The Bionic Trading Desk

Terry Flanagan

Today’s ultra-fast markets are demand platforms capable of real-time decision support and intelligent analytics. The trading desk that can most efficiently analyze ever-growing volumes of data and uncover ever-fleeting opportunities for alpha across asset classes and across the globe will have a significant advantage.

“The issue is how to make a better trading decision in a fast paced environment,” said John Adam, global head of product management at trading systems provider Portware. “What new and interesting ways do I have for looking at the trade and the data, and how do I integrate all this with the rest of my critical functions? So that’s the theory.”

Putting the theory to practice, the tools that are most relevant are predictive analytics, transaction cost analysis and data visualization. “Those are really the three areas where I’m seeing the most innovation in equity trading desks,” Adam said.

Trading desks have an opportunity to gain a competitive edge by integrating these three technologies.

“The next step, in a word, is integration,” Adam said. “These functions have less value when they exist separately and they have an exponential value when they’re combined.

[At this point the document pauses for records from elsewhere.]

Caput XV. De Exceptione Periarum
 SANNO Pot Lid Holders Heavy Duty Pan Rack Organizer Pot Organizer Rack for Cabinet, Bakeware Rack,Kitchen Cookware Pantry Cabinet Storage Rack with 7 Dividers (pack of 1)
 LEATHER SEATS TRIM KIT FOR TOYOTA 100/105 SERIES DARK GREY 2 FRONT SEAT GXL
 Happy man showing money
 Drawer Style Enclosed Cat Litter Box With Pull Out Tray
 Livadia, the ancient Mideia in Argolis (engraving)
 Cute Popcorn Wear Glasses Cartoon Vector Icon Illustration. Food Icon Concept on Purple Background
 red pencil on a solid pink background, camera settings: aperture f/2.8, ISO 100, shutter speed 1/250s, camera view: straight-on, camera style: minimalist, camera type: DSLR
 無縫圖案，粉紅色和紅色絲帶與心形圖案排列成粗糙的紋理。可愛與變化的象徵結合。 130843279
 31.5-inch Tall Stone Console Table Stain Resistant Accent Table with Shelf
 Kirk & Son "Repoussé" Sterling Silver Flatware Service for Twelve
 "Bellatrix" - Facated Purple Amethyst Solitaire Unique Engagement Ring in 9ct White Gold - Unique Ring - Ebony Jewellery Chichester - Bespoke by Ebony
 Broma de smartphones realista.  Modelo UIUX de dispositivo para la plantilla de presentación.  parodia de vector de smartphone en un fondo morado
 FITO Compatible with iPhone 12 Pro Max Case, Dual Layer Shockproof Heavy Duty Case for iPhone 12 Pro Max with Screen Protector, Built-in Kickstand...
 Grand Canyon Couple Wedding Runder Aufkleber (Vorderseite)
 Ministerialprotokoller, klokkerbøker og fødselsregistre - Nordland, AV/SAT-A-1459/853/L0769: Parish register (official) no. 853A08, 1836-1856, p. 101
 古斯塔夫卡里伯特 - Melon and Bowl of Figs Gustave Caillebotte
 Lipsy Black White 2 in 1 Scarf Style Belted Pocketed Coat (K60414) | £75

Everybody has commission schedules, data visualization and research targets and predictive analytics.”

Used in combination, TCA, predictive analytics and data visualization enable traders to “get a real-time read of which broker is going to give me the best performance on this trade in real-time based on a particular set of market conditions,” Adam said.

TCA systems are moving toward real-time and predictive TCA, noted Adam. Ten years ago, a desk would run a monthly report on broker commissions and broker performance relative to a benchmark.

“Now before I even send the order out, I’m selecting my algorithms and my broker based on a pre-trade analysis of who’s going to handle this order the best,” he said, “As market conditions change, I might switch strategies, I might hop from one algorithm to the next because the market is moving faster and the decision I made an hour ago might not be right for where the market is or how it’s behaving now for a given stock.”

A very common decision for head traders is determining which brokers to send an order to based on commission budgets.

“If I have two brokers that I’m targeting to pay an equal amount of money for the quarter, which one is going to give me better performance on the algorithm I want to use?” Adam said. “Let’s start to look at optimizing the algorithms based on my research commission targets for a particular broker. Rather than have that information in a spreadsheet, I want to have it directly accessible and guiding my decision in the EMS.”

Data visualization also needs to be tightly integrated and seamlessly accessible to the trading desk. “If there’s a chart or a heat map that indicates possible performance scenarios, I want to be able to interact with my order directly through that chart,” Adam said. “I don’t want to generate the chart, swivel in my chair, look at it, swivel in my chair again, go back to my blotter and trade it there. That should all be integrated for me.”